Whether that was by design, to win a little sympathy, I'll leave for the judge to decide.
But the narrative of this latest controversy to swirl around the perpetually embattled mayor is more complicated than the one the Fordists have been spinning.
If there was a conflict, they say, it was inadvertent, and all for a good cause anyway - namely, to help disadvantaged kids by buying football equipment.
The big question on everyone's mind: is Rob Ford toast?
It doesn't look good for Rofo. At least not on paper. The case against him, that he contravened the Municipal Conflict Of Interest Act by speaking to and then voting on a matter in council in which he had a financial interest - to wit, donations by lobbyists to his football foundation - is black-and-white.
Check the 147-page transcript of the deposition he gave a few months back in preparation for this trial. It's so full of BS that a casual observer might think the mayor had Peter Gabriel playing on a loop in his head. ("I don't remember, I don't recall, I got no memory of anything at all.")
Rob doesn't have a legal leg to stand on. There was a direct financial interest involved: the $3,150 in donations to his foundation he was ordered to repay by the city's integrity commissioner, but refused to come up with.

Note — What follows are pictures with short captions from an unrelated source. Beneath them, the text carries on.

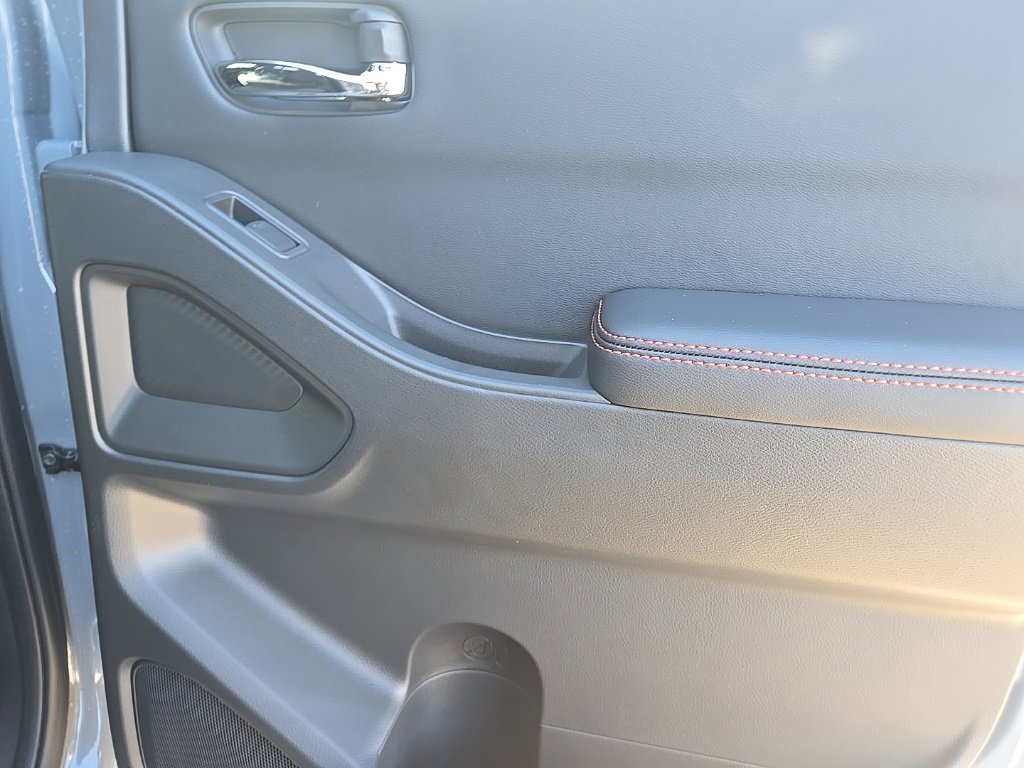 New 2025 Nissan Frontier PRO-4X image 34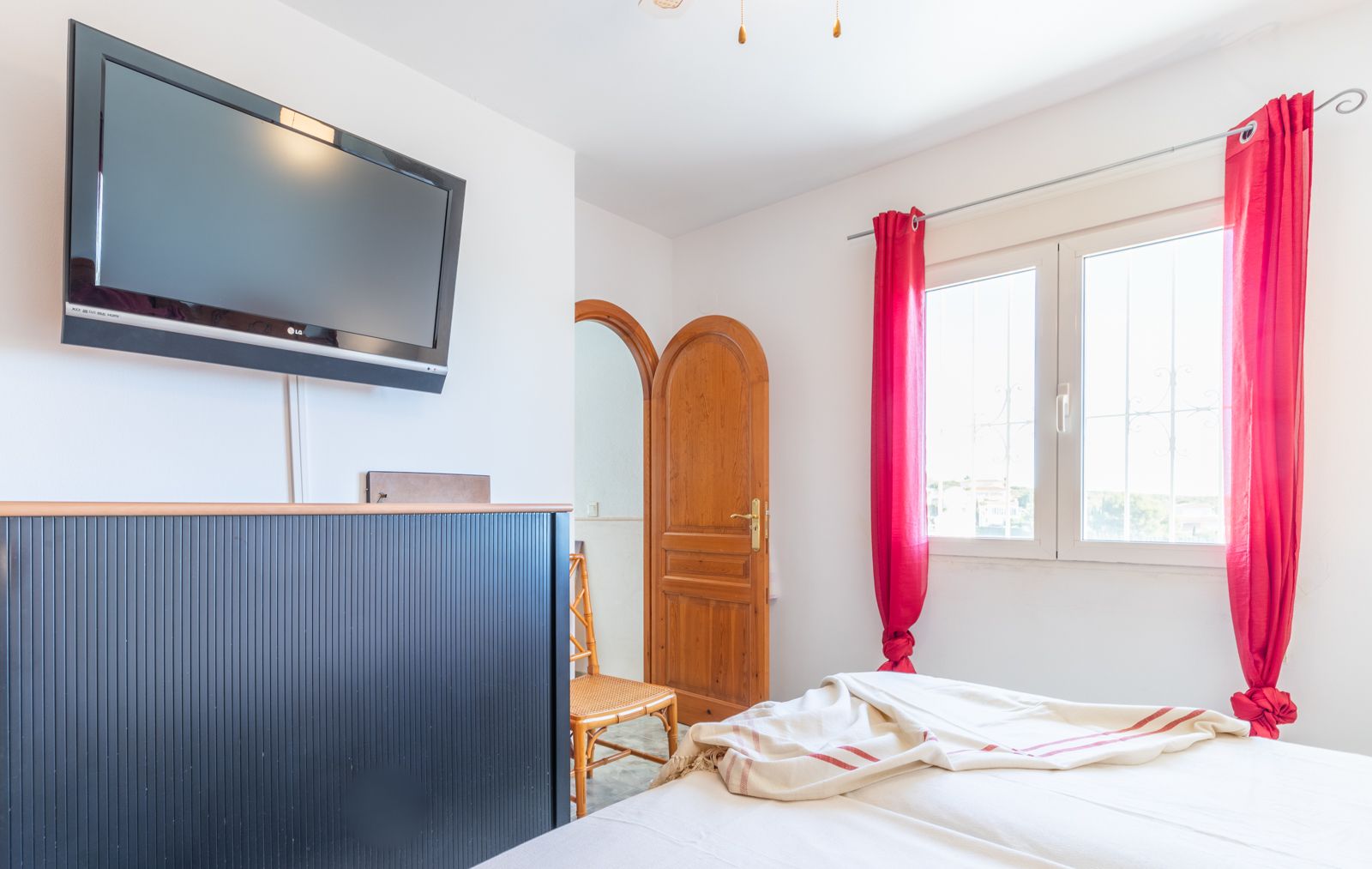  Chalet en venta directa con Plusvillas – C27022* – Villa con 4 dormitorios y 3 baños en Benitachell, (Costa Blanca), zona Cumbre del Sol 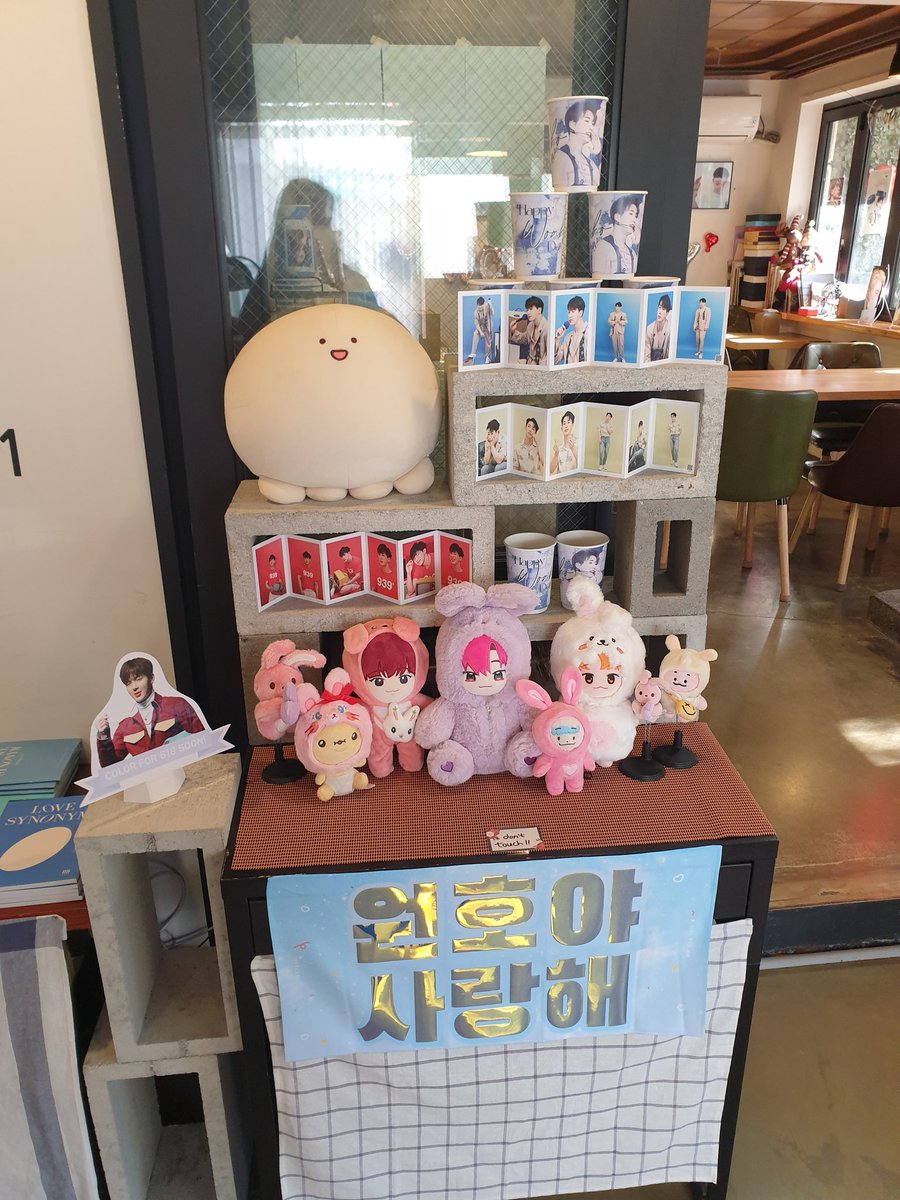 0514mbb0926's tweet photo. 2.하이준카페
여기도 마찬가지로 일찍왔더니 나 혼자였던...
먼저 오신분들이 있었는지 선착은 아쉽게 받지 못했다ㅠㅠ 그래도 원호의 호슐랭 투명카드도 받고
사진도 너무 다 예뻤다😆💕 사진 예쁘게 찍고싶은데 나는 똥손이니까 패스!
#COLOR_FOR_301
@618x106 https://t.co/tV6KFy111j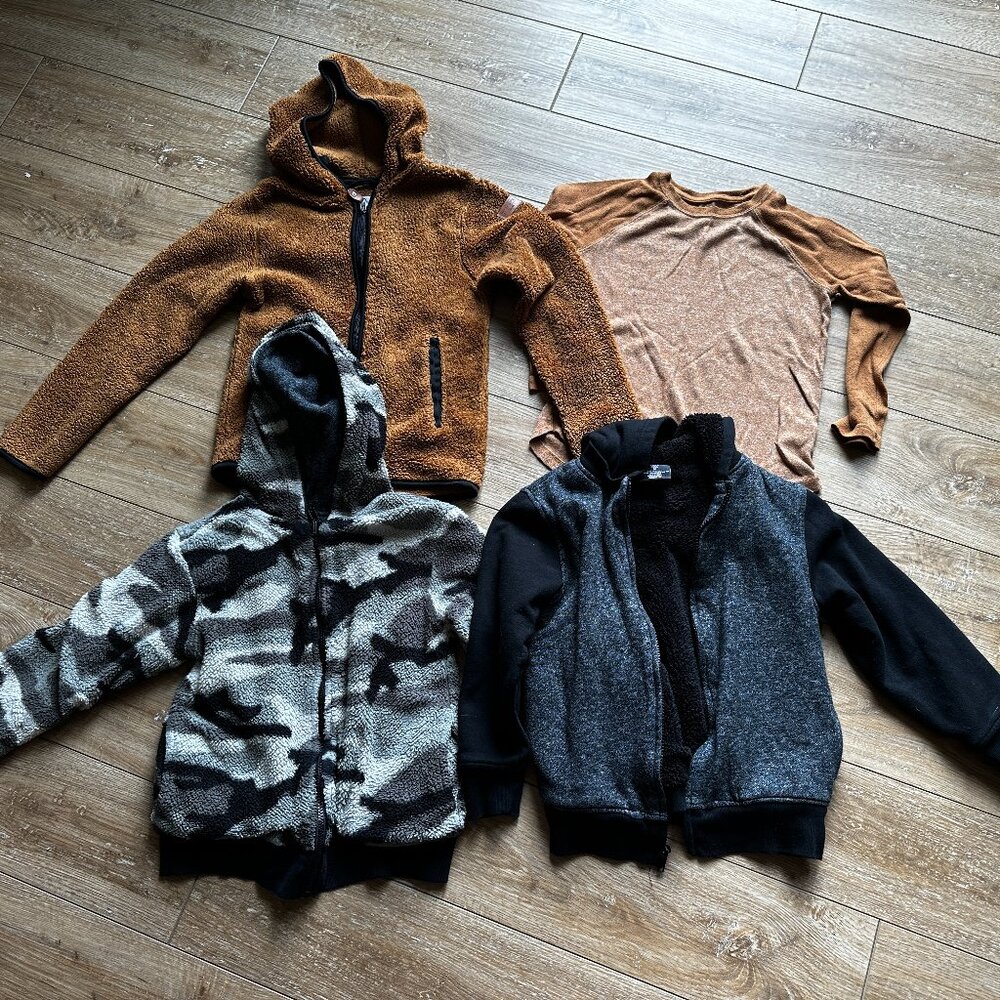 Bundle of 4 Boys Tops/(2)Reversible Zip-Up Hoodies,(1) Fuzzy Camel Hoodie,jersey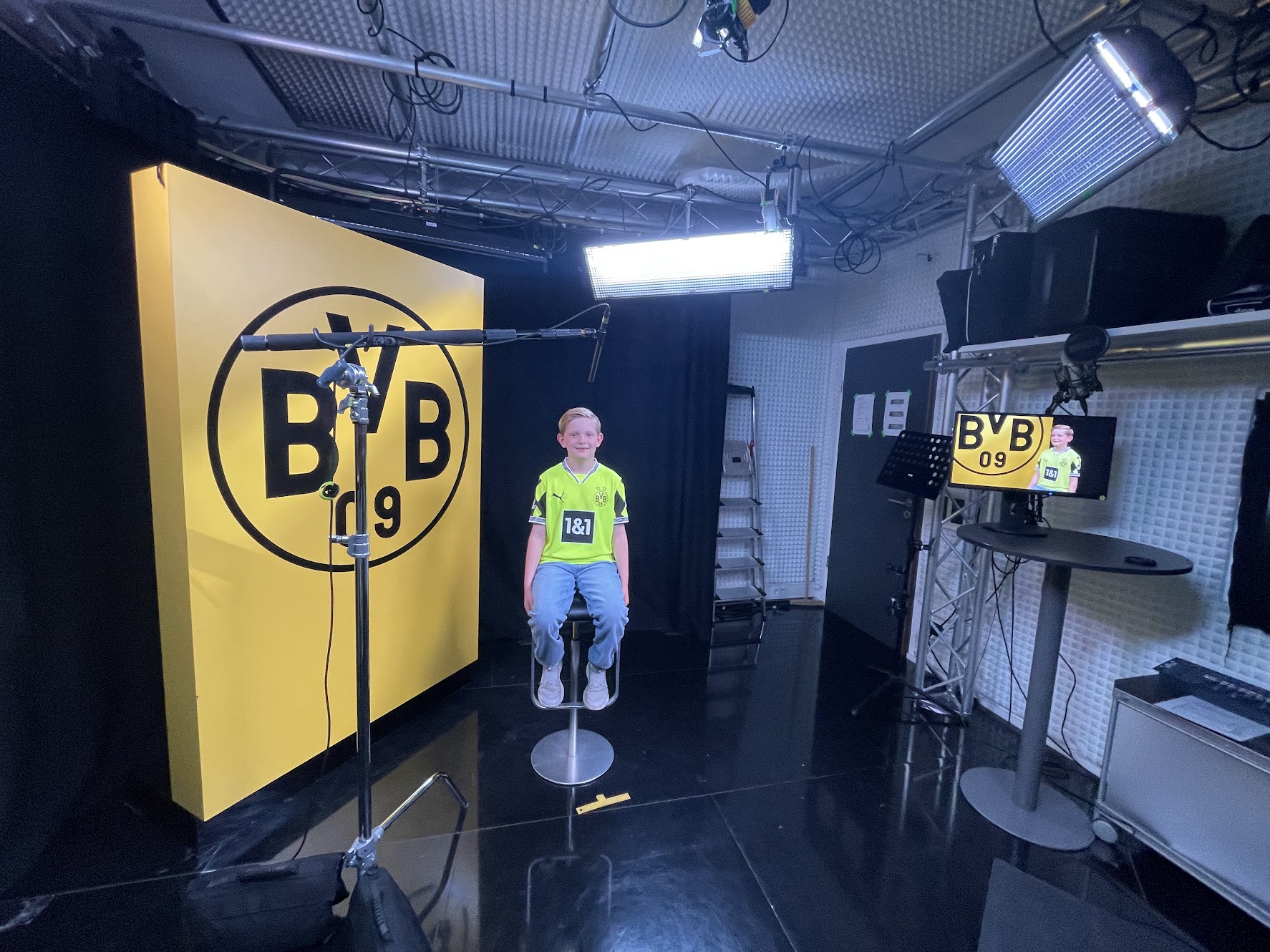 BVB-Total Studio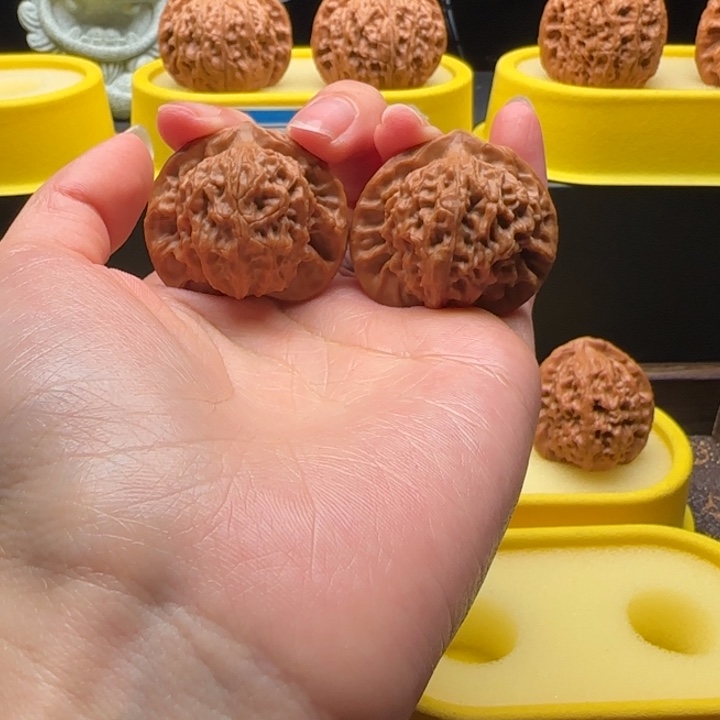 文玩核桃把件38野生宽边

But it would take a very brave judge to impose the maximum penalty prescribed by law: removal from office and being barred from running for office for seven years. On the latter, the judge has discretion. So the mayor could conceivably get the axe but be allowed to run again in a by-election.
Lost in translation
Just how egregious was Ford's transgression? The official line that the conflict charges against the mayor are politically motivated, an evil plot concocted by the left to take the man of the people away from his people, has coloured most of the mainstream media coverage. The Sun ran a story Monday, September 3, suggesting that straws are being drawn and lefty Joe Mihevc is being touted as a possible replacement. News to Citizen Joe.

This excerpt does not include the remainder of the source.